Segment Start: RECORD EXTRACTS

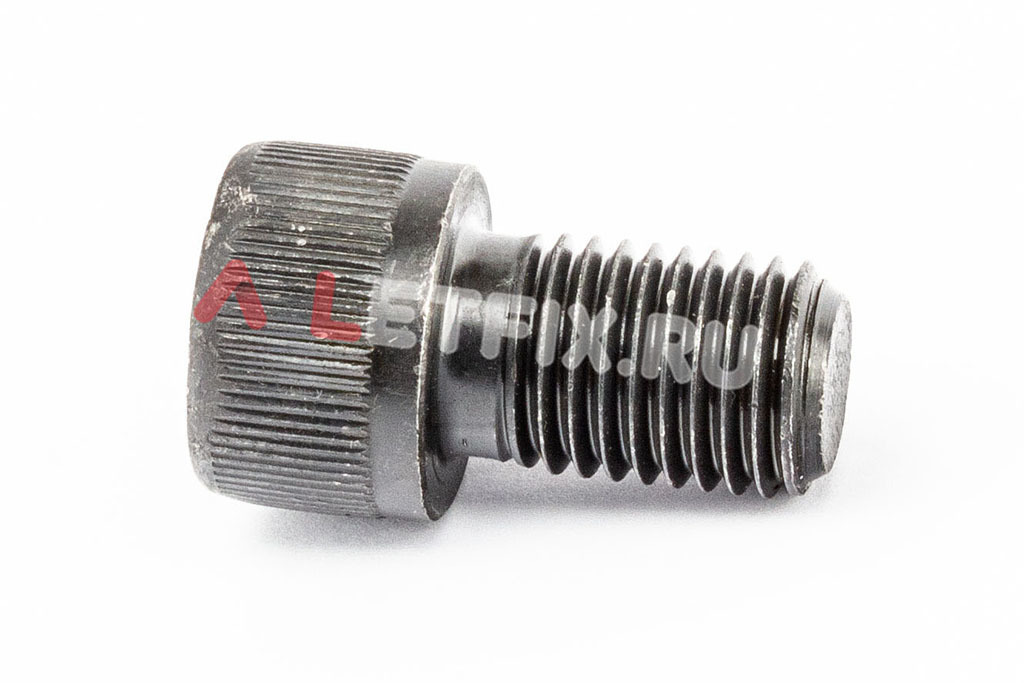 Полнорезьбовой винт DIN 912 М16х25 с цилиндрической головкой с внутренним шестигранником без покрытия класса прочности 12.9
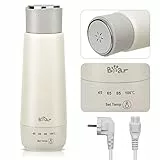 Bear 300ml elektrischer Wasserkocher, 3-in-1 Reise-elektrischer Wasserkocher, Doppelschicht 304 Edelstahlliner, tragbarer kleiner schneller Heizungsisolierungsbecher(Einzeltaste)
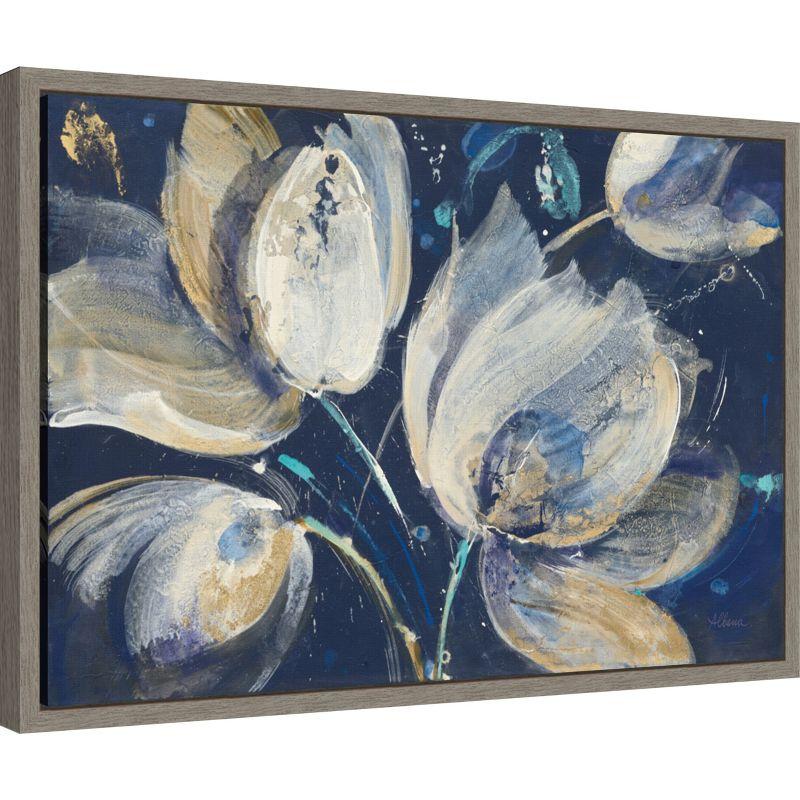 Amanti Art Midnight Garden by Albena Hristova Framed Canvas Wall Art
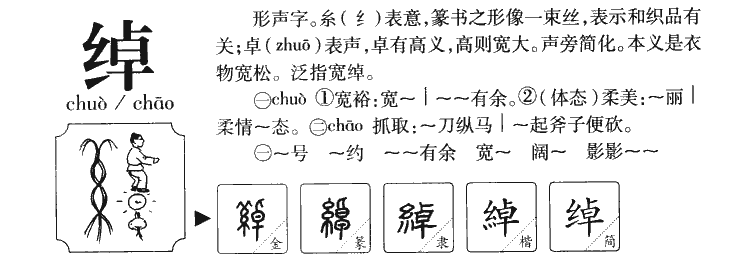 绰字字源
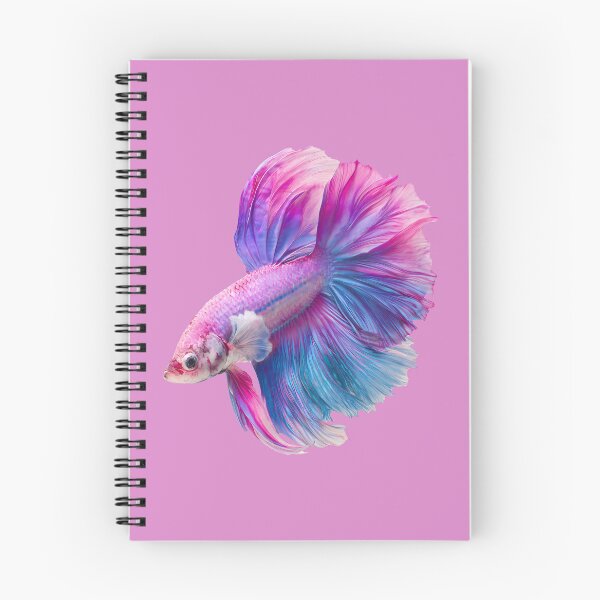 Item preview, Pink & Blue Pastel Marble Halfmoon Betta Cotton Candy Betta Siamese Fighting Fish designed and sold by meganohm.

Segment End: RECORD EXTRACTS

▶ WORK REQUIRED
Repeat every entry above exactly as written and omit any pictures it holds.

▶ WRITTEN REPLY
 Полнорезьбовой винт DIN 912 М16х25 с цилиндрической головкой с внутренним шестигранником без покрытия класса прочности 12.9
 Bear 300ml elektrischer Wasserkocher, 3-in-1 Reise-elektrischer Wasserkocher, Doppelschicht 304 Edelstahlliner, tragbarer kleiner schneller Heizungsisolierungsbecher(Einzeltaste)
 Amanti Art Midnight Garden by Albena Hristova Framed Canvas Wall Art
 绰字字源
 Item preview, Pink & Blue Pastel Marble Halfmoon Betta Cotton Candy Betta Siamese Fighting Fish designed and sold by meganohm.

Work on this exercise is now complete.